In order to fulfill the requirements in this extensive range of applications, specific models and characterization techniques are proposed. These devices may exhibit a number of degradation effects such as limited modulation range for high spatial frequency image content, interpixel cross-talk and fringing field, and time flicker, which may also depend on the analog or digital backplane of the corresponding LCoS device. Appropriate characterization and compensation techniques are then necessary.

2. Special Issue Papers

This special issue provides a collection of papers demonstrating the impact of LCoS microdisplays in current and future spatial light modulation applications. State-of-the-art in LCoS device technology, LC materials, modeling and characterization techniques are presented.

A complete review of LCoS origins, evolution, and applications is given by Chen et al. [7]. They cover both the interest in display applications and their developments as spatial light modulators (SLM), with special focus on phase-only spatial light modulation capabilities in digital holography or holographic video projection. The authors explain that the origin of LCoS backplane dates back to 1973, and the development of LCoS has been beneficial for full high definition displays and spatial light modulation. They start summarizing state-of-the-art developments of high-resolution panels, followed by addressing issues related to the driving frequency (i.e., liquid crystal response time and hardware interface), taking into account phase linearity control, phase precision, phase stability, and phase accuracy.

A good complement to the previous paper is given by Li and Cao [8]. The authors focus their review on the available characterization techniques to obtain the grayscale-phase response of LCoS devices. They demonstrate that precise calibrations are necessary since they greatly influence the results when applied in phase-only applications, including the majority of interesting cases such as holographic display, optical tweezers, lithography, etc. Due to limitations in the manufacturing process, the grayscale-phase response could be different for every single SLM device, even varying on sections of an SLM panel due to the screen or electrical addressing spatial inhomogeneities. They divide the numerous calibration methods into two categories: the interferometric phase calibration methods and the diffractive phase calibration methods. The main phase calibration methods are discussed and reviewed, comparing their possible advantages in different applications.

Regarding the analysis of LC materials enabled for LCoS devices, we consider the review paper by Andreev et al. [9]. They investigate ferroelectric liquid crystals (FLCs) of a new type developed for fast low-voltage displays and light modulators. They are helix-free FLCs, characterized by spatially periodic deformation of smectic layers and a small value of spontaneous polarization. Both theoretical models and experimental results are presented for modulation of light transmission, scattering, and phase delay with a high rate.

Alternative optically addressable spatial-light modulators (OASLM) are investigated by Pei et al. [10], which are very interesting for phase-only modulation applications. They focus on the influence of driving conditions on their phase-modulation ability. To this end, they use an equivalent circuit method and a system for measuring wave-front modulation that uses a phase-unwrapping data-processing method, and is constructed with a charge-coupled device and wave-front sensor. They demonstrate that wave-front on-line modulation with feedback control is possible with the OASLM and the corresponding monitoring system.

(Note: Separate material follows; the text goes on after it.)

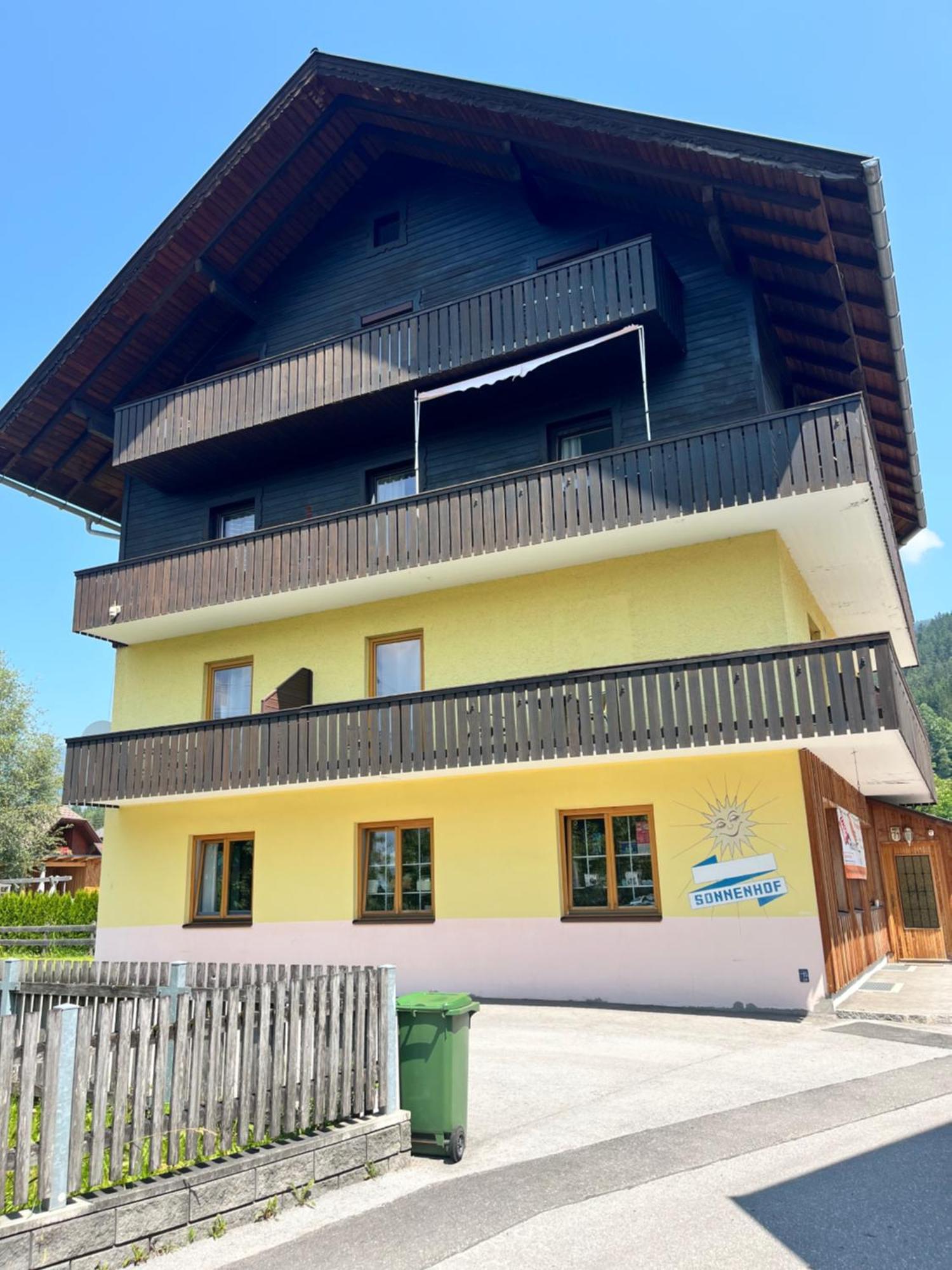 Sunside Apartments Bad Mitterndorf Exteriör bild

In previous years, there has been considerable interest in augmented reality (AR) displays. Huang et al. [11] review LCoS technology capabilities’ new application in emerging AR displays. They start by reviewing the LCoS working principles of three commonly adopted LC modes. Then, the fringing field effect is analyzed, which is very important in very high resolution LCoS microdisplays. The novel pretilt angle patterning method for suppressing the effect is presented. They also show how to integrate the LCoS panel in an AR display system. Authors show that the application of LCoS in AR head-mounted displays and head-up displays is foreseeable.

In dealing with holographic projection and application of phase-only holography with SLMs for display applications, we consider the paper by Christmas and Collings [12]. They review the various approaches of producing dynamic holographic displays and show their particular proposal with a superior light efficiency and fault tolerance. Holographic displays favor small pixel devices, with LCoS devices as optimum candidates for these applications to become commercially feasible.

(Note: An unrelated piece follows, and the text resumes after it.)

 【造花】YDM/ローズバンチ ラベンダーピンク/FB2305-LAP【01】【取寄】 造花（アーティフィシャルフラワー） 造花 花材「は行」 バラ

Davis et al. [13], in imaging applications, demonstrate a programmable zoom lens system where the magnification and sense of the image can be controlled without moving any parts. They use two programmable SLMs onto which they encode the required focal length lenses to achieve these results. They show both theoretical calculations and experimental results. The authors discuss the system’s size limitations caused by the limited spatial resolution, and show how newer devices—LCoS with a very high resolution—would shrink the size of the system.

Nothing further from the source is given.